[Caption-style text data]
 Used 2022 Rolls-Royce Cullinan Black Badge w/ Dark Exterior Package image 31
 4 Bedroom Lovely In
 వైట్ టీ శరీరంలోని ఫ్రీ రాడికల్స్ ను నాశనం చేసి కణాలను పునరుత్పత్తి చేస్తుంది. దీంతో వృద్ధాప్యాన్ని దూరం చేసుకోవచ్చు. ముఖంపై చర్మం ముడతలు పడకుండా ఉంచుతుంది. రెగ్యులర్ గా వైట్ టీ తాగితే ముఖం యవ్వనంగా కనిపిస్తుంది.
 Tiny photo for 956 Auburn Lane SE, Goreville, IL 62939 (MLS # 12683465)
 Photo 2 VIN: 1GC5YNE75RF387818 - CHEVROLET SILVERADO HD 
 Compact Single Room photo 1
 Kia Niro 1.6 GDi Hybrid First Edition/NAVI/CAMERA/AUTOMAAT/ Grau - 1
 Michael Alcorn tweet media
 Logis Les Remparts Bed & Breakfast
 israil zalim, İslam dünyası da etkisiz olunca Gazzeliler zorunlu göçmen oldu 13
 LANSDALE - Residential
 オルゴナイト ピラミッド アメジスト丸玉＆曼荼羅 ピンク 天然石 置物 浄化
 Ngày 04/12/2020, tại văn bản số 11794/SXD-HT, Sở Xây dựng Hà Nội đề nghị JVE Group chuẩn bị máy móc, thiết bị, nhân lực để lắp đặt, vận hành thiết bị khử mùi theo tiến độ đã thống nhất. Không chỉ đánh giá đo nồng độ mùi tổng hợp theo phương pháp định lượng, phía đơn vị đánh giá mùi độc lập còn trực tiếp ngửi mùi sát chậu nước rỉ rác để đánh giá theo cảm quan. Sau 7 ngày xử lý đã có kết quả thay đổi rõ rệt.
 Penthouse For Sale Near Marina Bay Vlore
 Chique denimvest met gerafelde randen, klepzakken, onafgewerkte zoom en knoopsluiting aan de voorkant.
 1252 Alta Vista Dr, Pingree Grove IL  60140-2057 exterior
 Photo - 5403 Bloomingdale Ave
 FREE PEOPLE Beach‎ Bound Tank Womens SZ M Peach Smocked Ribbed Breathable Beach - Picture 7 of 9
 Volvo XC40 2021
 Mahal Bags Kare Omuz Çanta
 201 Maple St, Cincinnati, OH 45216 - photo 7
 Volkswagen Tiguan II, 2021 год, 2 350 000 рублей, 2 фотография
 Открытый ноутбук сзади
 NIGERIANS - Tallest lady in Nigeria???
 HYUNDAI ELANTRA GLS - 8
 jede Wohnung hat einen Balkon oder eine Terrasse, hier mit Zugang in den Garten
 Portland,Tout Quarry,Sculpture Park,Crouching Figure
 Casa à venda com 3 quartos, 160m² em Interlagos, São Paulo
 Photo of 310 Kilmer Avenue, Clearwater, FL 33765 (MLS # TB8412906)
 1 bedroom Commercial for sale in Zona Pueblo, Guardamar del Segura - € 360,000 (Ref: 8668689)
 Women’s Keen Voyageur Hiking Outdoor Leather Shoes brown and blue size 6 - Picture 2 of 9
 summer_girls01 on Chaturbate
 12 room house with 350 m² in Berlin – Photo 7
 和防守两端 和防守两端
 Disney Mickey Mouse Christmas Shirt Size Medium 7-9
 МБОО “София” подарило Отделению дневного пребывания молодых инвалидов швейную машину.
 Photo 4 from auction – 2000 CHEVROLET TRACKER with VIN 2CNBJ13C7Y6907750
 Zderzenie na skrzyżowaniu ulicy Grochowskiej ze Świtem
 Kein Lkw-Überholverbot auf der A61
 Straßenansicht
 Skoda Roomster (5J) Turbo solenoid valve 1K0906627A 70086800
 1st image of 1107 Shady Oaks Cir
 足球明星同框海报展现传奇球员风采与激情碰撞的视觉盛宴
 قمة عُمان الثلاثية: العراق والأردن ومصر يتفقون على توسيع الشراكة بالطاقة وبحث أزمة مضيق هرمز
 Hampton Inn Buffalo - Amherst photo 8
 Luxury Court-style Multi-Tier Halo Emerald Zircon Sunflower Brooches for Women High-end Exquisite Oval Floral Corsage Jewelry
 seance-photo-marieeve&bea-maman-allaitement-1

## [Try it]
Could you write out exactly the lines above, starting at the first one and ending with the line that has "Michael Alcorn tweet media"?

## [Task solution]
 Used 2022 Rolls-Royce Cullinan Black Badge w/ Dark Exterior Package image 31
 4 Bedroom Lovely In
 వైట్ టీ శరీరంలోని ఫ్రీ రాడికల్స్ ను నాశనం చేసి కణాలను పునరుత్పత్తి చేస్తుంది. దీంతో వృద్ధాప్యాన్ని దూరం చేసుకోవచ్చు. ముఖంపై చర్మం ముడతలు పడకుండా ఉంచుతుంది. రెగ్యులర్ గా వైట్ టీ తాగితే ముఖం యవ్వనంగా కనిపిస్తుంది.
 Tiny photo for 956 Auburn Lane SE, Goreville, IL 62939 (MLS # 12683465)
 Photo 2 VIN: 1GC5YNE75RF387818 - CHEVROLET SILVERADO HD 
 Compact Single Room photo 1
 Kia Niro 1.6 GDi Hybrid First Edition/NAVI/CAMERA/AUTOMAAT/ Grau - 1
 Michael Alcorn tweet media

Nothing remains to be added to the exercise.